▶ _ACTION ITEM_
Somewhere below is a line with "In-house Workshop, Schneider Electric" and, later, a line with "Leber&Hollman"; repeat those two lines and all the lines between them, exactly as they are.

▶ _SUPPLIED DATA_
● ● ● ●

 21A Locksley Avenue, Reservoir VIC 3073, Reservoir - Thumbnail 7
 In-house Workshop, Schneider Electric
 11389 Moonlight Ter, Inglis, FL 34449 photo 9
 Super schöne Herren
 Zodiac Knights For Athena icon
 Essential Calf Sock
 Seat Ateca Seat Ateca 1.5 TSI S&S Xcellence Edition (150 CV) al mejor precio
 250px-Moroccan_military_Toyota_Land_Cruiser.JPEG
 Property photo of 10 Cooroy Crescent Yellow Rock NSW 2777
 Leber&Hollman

● ● ● ●

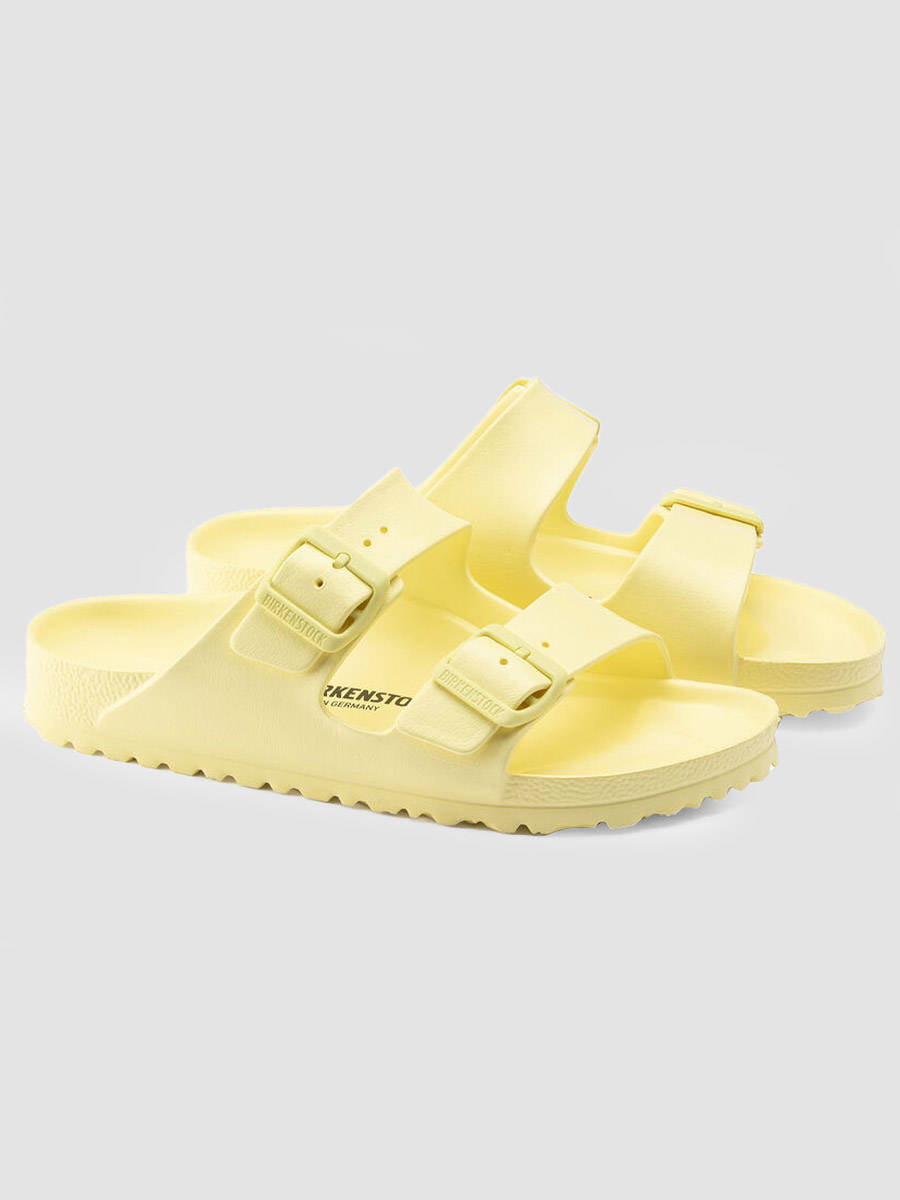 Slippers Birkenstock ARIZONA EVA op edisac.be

● ● ● ●

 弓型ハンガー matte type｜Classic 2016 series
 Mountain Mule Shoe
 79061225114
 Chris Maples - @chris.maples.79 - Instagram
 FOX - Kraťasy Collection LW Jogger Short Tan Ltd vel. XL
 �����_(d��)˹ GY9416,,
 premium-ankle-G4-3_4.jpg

● ● ● ●

▶ _RESULT_
 In-house Workshop, Schneider Electric
 11389 Moonlight Ter, Inglis, FL 34449 photo 9
 Super schöne Herren
 Zodiac Knights For Athena icon
 Essential Calf Sock
 Seat Ateca Seat Ateca 1.5 TSI S&S Xcellence Edition (150 CV) al mejor precio
 250px-Moroccan_military_Toyota_Land_Cruiser.JPEG
 Property photo of 10 Cooroy Crescent Yellow Rock NSW 2777
 Leber&Hollman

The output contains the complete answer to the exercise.